The support helped Leslie Dunkelberger and Joanne Yoo get by.
“It was easy to form a bond since we were all going through similar things and trying our best to stay positive and make it towards our end goal,” Yoo says. “We celebrated each week we made it, and every milestone, and it really made the time go by a little faster.”
Macrone and Long had a condition called vasa previa, an abnormality in which a blood vessel from the umbilical cord runs through the amniotic sac rather than directly into the placenta. In both of their cases, the vessel blocked the cervix.
“If the cervix were to dilate or they were to go into labor or their water broke, the vessel could burst and cause severe bleeding,” Dr. Vanguri says. “Babies can die within minutes.”

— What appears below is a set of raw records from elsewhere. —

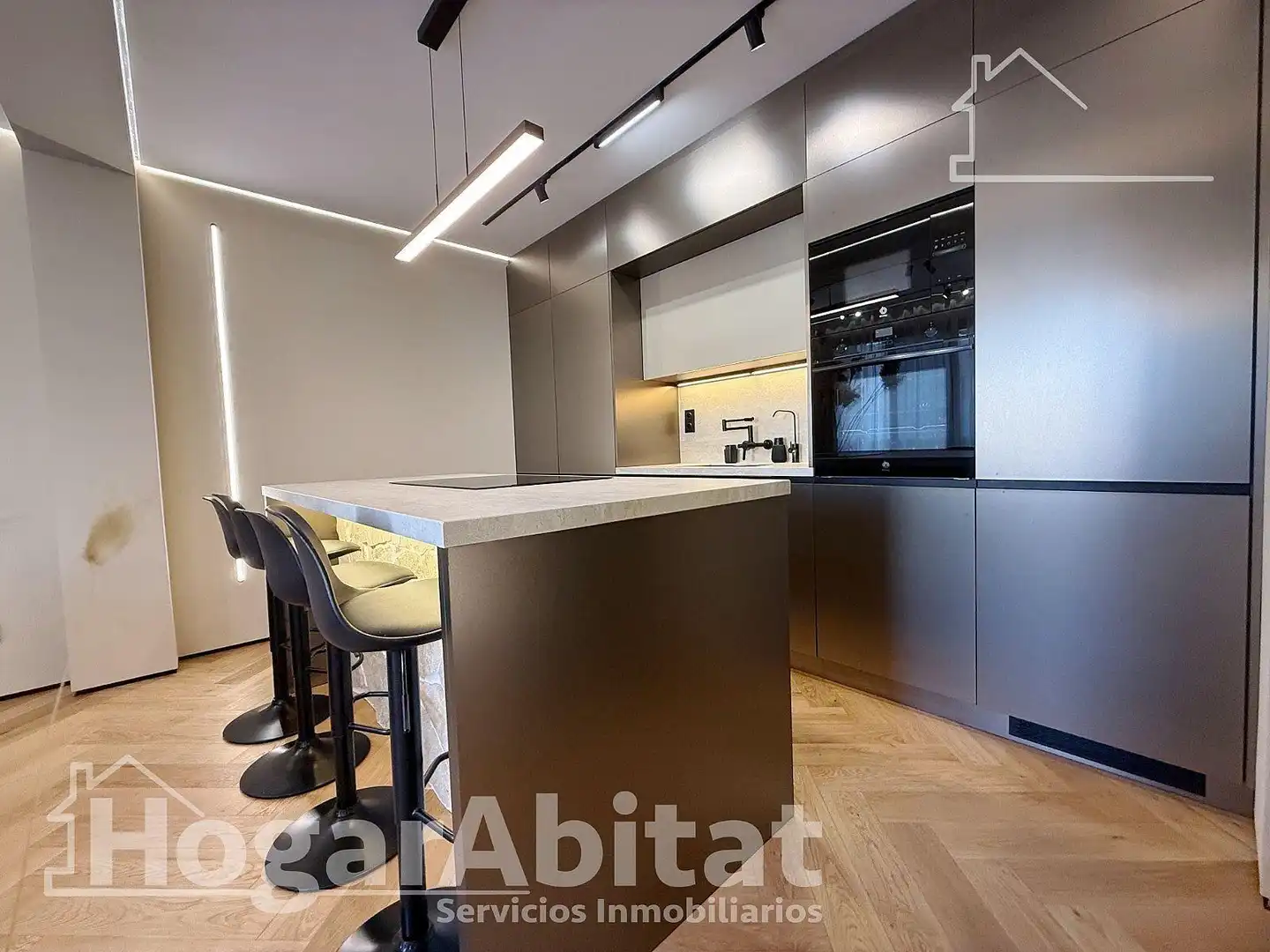 Cuina de Pis en venda en Alicante / Alacant amb Aire condicionat, Parquet i Terrassa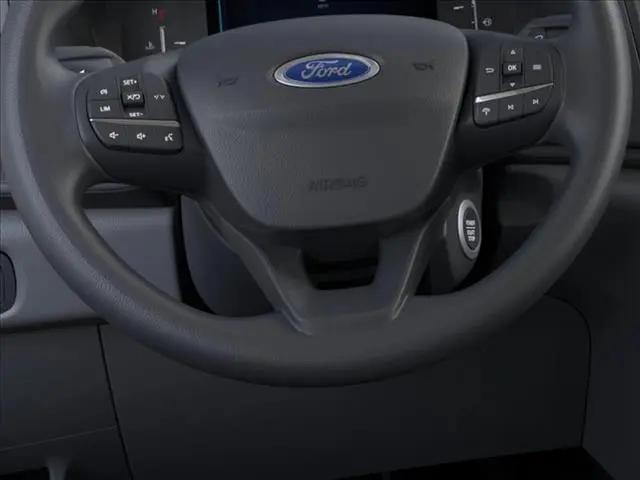 2026 Ford Transit Cargo Van T-250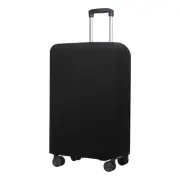Luggage Cover, Suitcases Covers Fits 28-29 Inch Luggage for Travel Black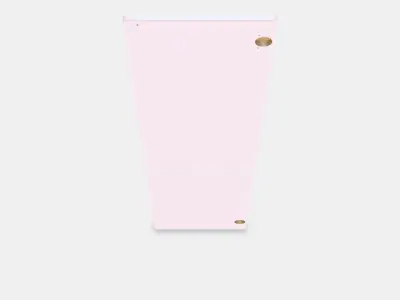 SMASTAD By 7 Low-poly 3D model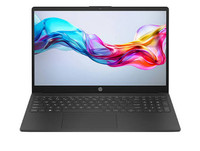 15.6" Ноутбук HP Laptop 15-fd1159ci черный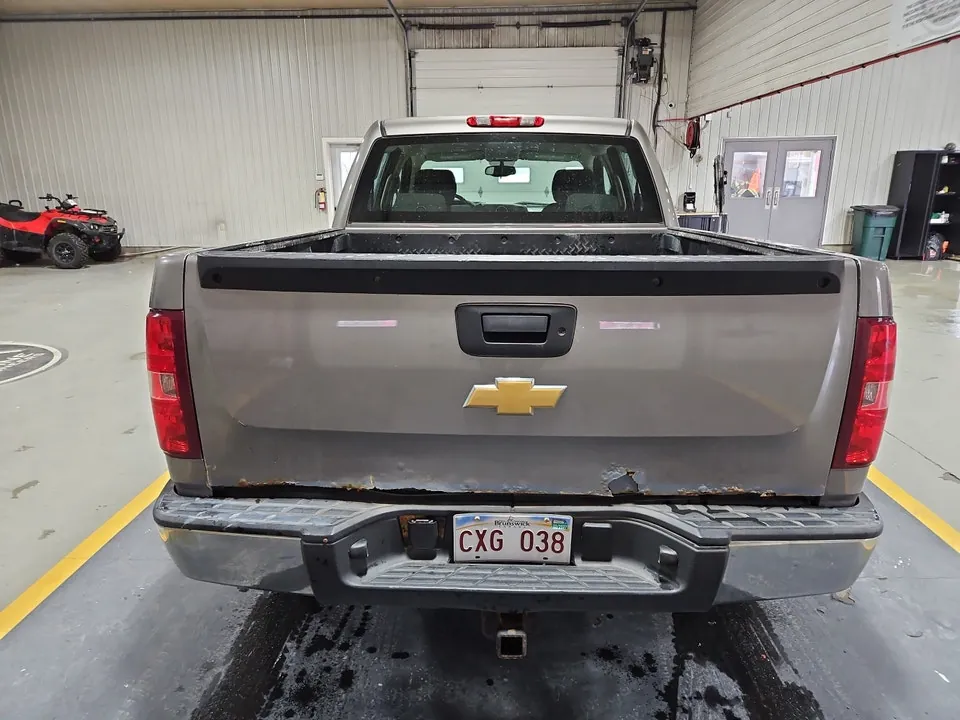 Chevrolet Silverado 1500 2012 photo 4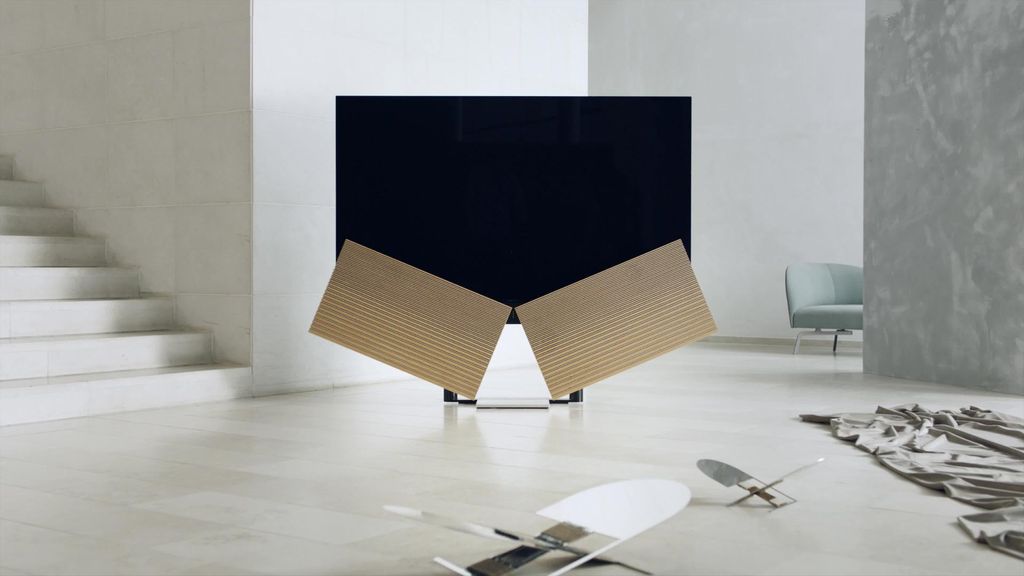 Smart TV OLED de Bang & Olufsen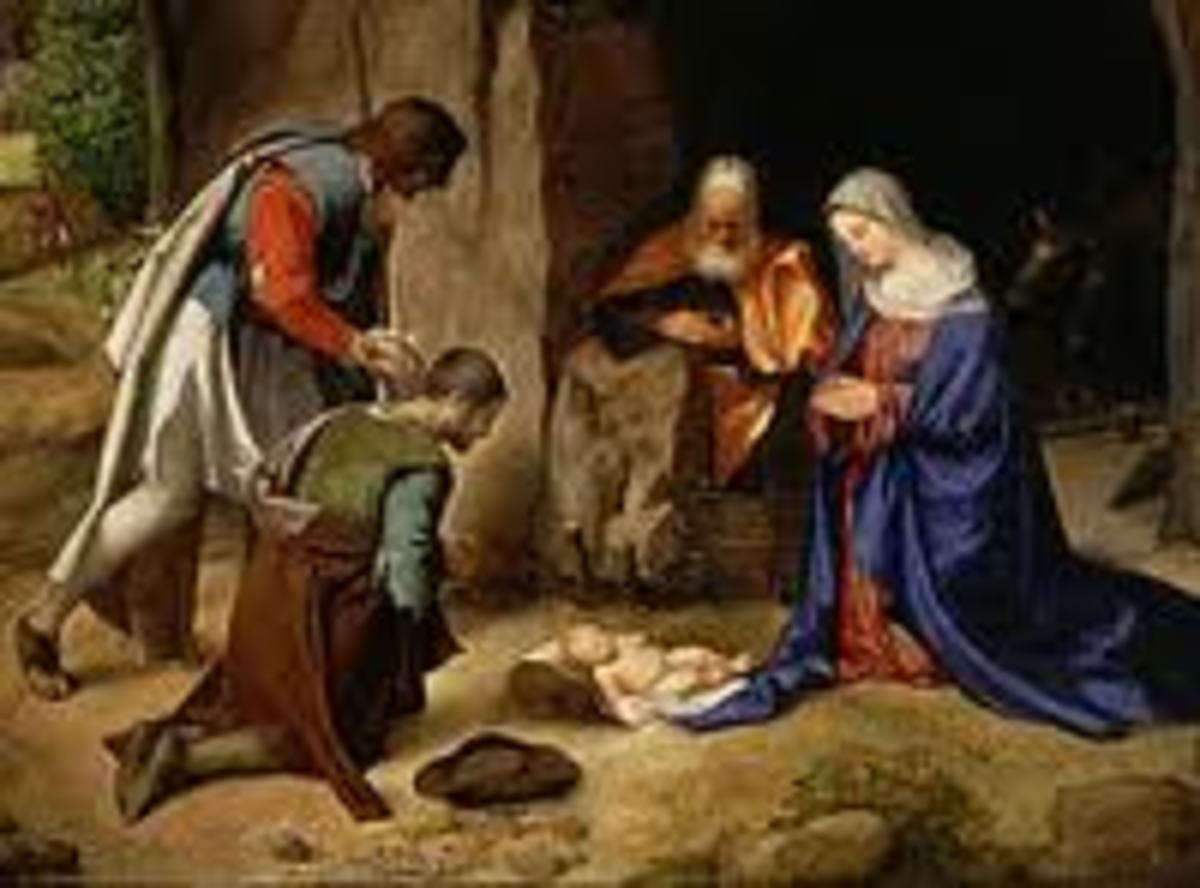 The Blessings of Christmas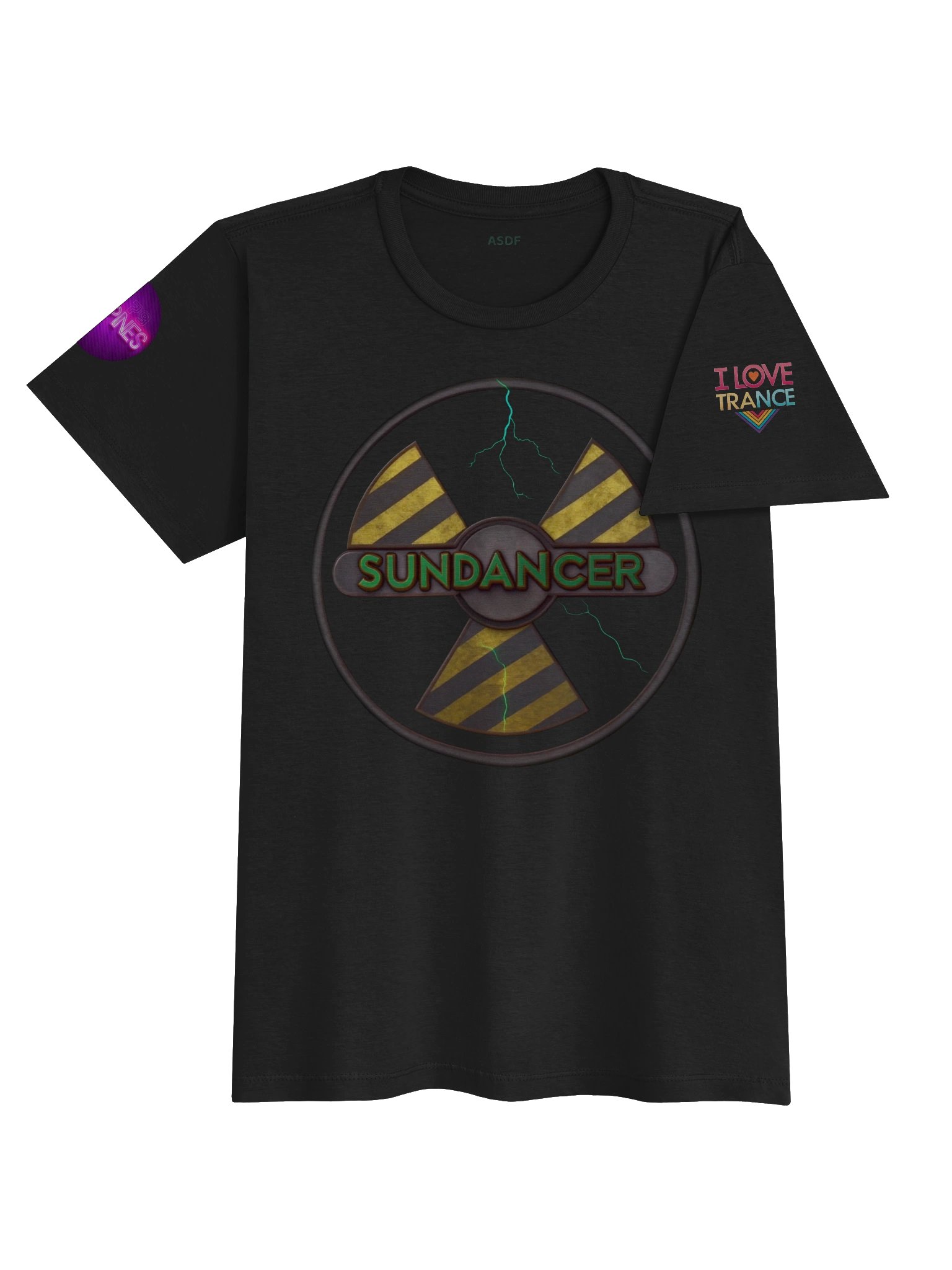 SunDancer Women's Basic Softstyle T-Shirt product image (4)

Macron, of East Norriton, and Long, of Abington, were admitted at around 31 weeks of pregnancy. Macrone was admitted two weeks before Long, and both were scheduled for C-sections at 36 weeks.
They weren’t on bed rest, but could only leave the floor alone to go to the hospital cafeteria or sit on the balcony. When they went outside for fresh air every day, they were accompanied by a nurse.
Canine Support, Too
That was when Long met two beloved members of Macrone’s family: Maya, three and Bee, five, her rescue dogs.
“I was crying when I left for the hospital because I was afraid they’d forget me,” Macrone says. A sympathetic hospital social worker appealed to the medical staff, who agreed the dogs could visit her outside. “My husband brought them once or twice a week,” Macrone says.
Long recalls special moments at the start of the day, when she and Macrone next door were hooked up to fetal monitors so the medical team could check the well-being of their babies. In the quiet of the hospital morning, Long says, “I could sometimes hear her monitor and her baby’s heartbeat and she could hear my son’s heartbeat.”
Macrone gave birth to daughter Zoey on March 28. And just as she cried when she came to the hospital, she cried when she was discharged, too, as she and Long stood outside, hugging each other.
“It was so sad when I left,” Macrone says. “I cried so hard I got the hiccups.” She texted Long nearly every day, and came back to the hospital later in the week to drop off some snacks for her.
Long gave birth to Thomas on April 18 and was discharged April 22. She and Macrone continue to be in touch. Dunkelberger and Yoo also had successful deliveries.
Nurse Manager Melissa Hewitt, MSN, RNC-NIC, says the four long-stay patients endeared themselves to the staff as they “learned to make the best of a bad situation and lean on one another.”
As for Macrone and Long, she says: “They were perfect strangers and I can tell you from just being around them, they are going to have a lifelong friendship.”